Given data>
================
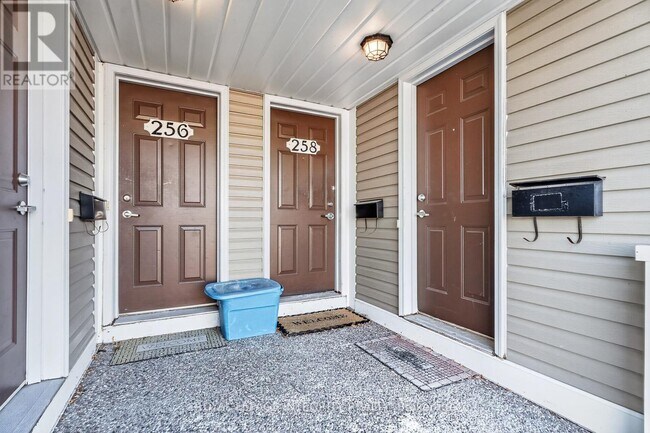 Photo - 258 Chapman Mills Dr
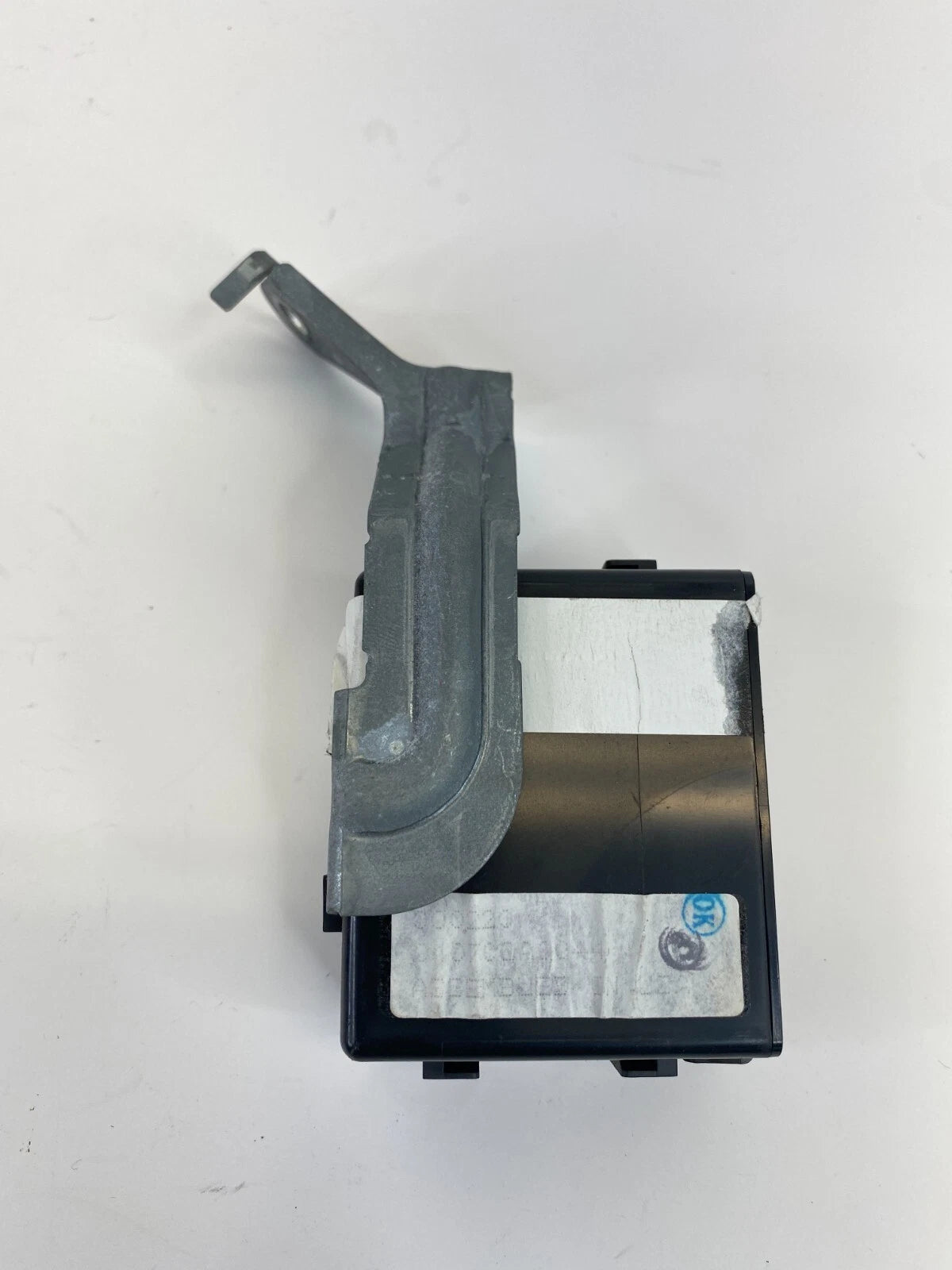 2005 TOYOTA SIENNA GLASS BREAKAGE SENSOR CONTROL MODULE 08192-3T810 OEM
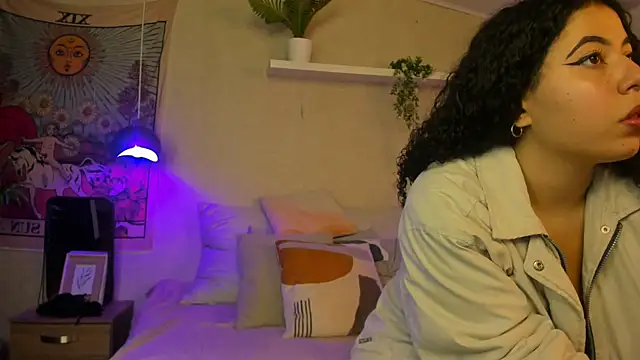 Snapshot of Honey_Sofi chatting on 25, 7, 2026 Honey Sofi online show from 25, 7, 2026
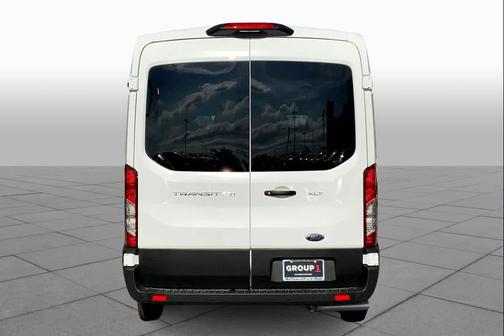 2025 Ford Transit-350 XL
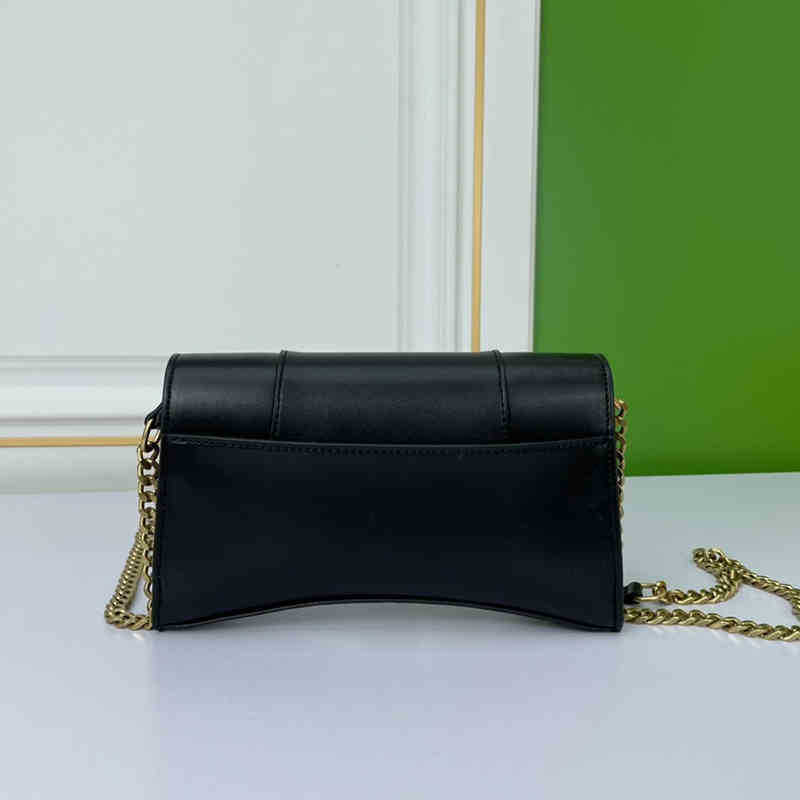 Black Ladies Messenger Bags Designer Handbags Bag Women Crossbody Bags Fashion Purses Shoulderbag Handbag 221128, B31(gold logo) 
Black Ladies Messenger Bags Designer Handbags Bag Women Crossbody Bags Fashion Purses Shoulderbag Handbag 221128, B31(gold logo)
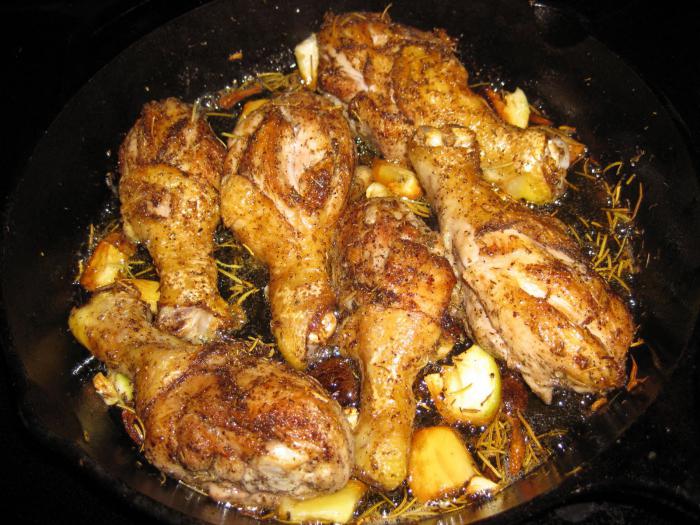 nogi kurczaka w powolnym kuchenka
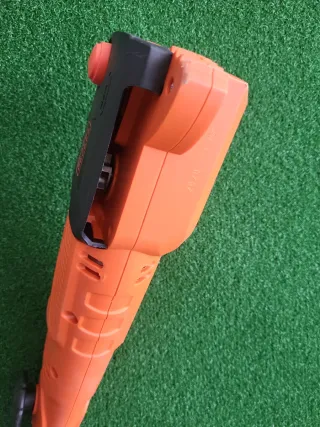 Motosierra Eléctrica Pértiga BLACK+DECKER PS7525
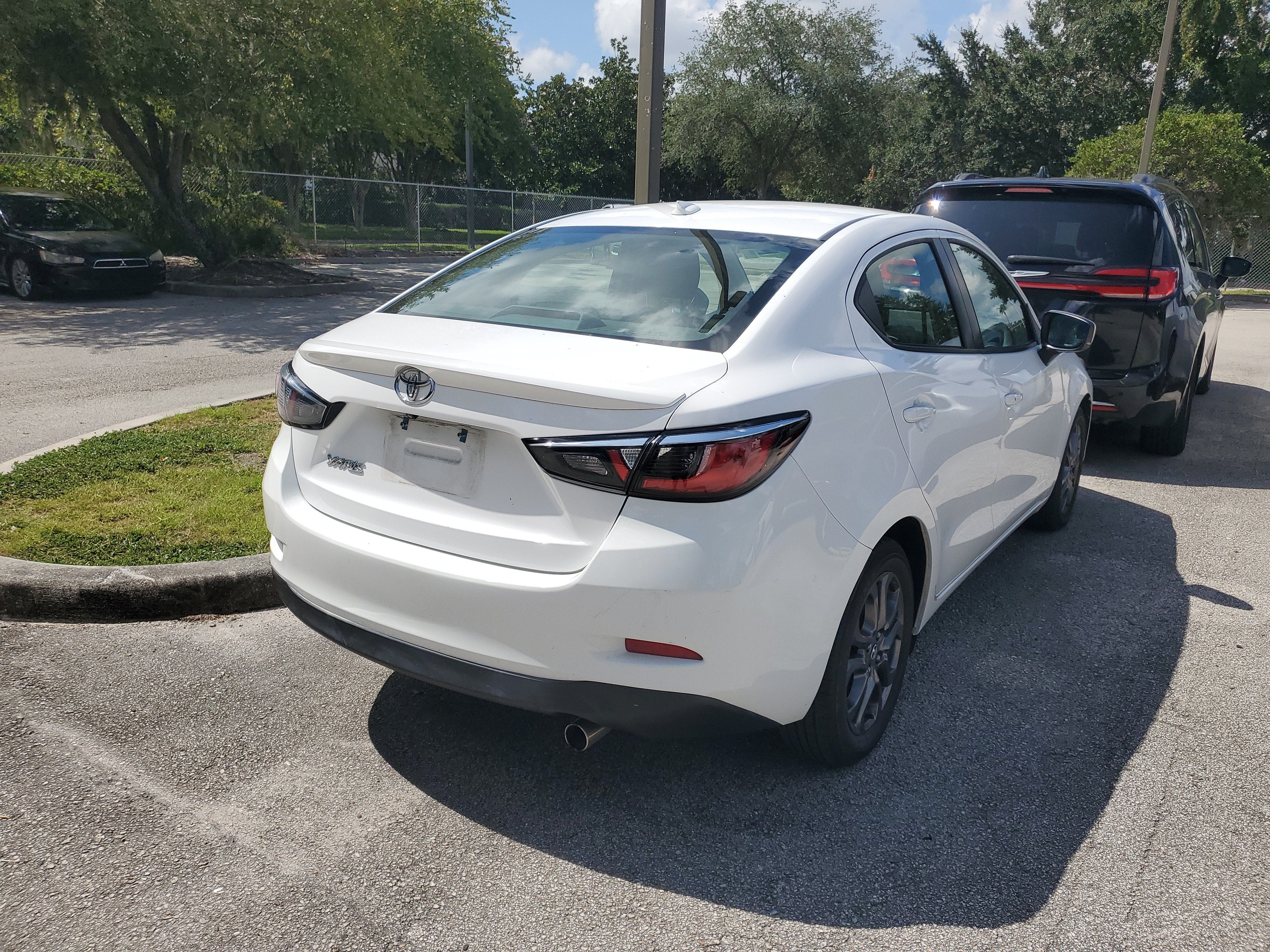 2019 Toyota Yaris Sedan LE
================
Task description> Without the pictures, give every line above again exactly.

Task solution>
 Photo - 258 Chapman Mills Dr
 2005 TOYOTA SIENNA GLASS BREAKAGE SENSOR CONTROL MODULE 08192-3T810 OEM
 Snapshot of Honey_Sofi chatting on 25, 7, 2026 Honey Sofi online show from 25, 7, 2026
 2025 Ford Transit-350 XL
 Black Ladies Messenger Bags Designer Handbags Bag Women Crossbody Bags Fashion Purses Shoulderbag Handbag 221128, B31(gold logo) 
Black Ladies Messenger Bags Designer Handbags Bag Women Crossbody Bags Fashion Purses Shoulderbag Handbag 221128, B31(gold logo)
 nogi kurczaka w powolnym kuchenka
 Motosierra Eléctrica Pértiga BLACK+DECKER PS7525
 2019 Toyota Yaris Sedan LE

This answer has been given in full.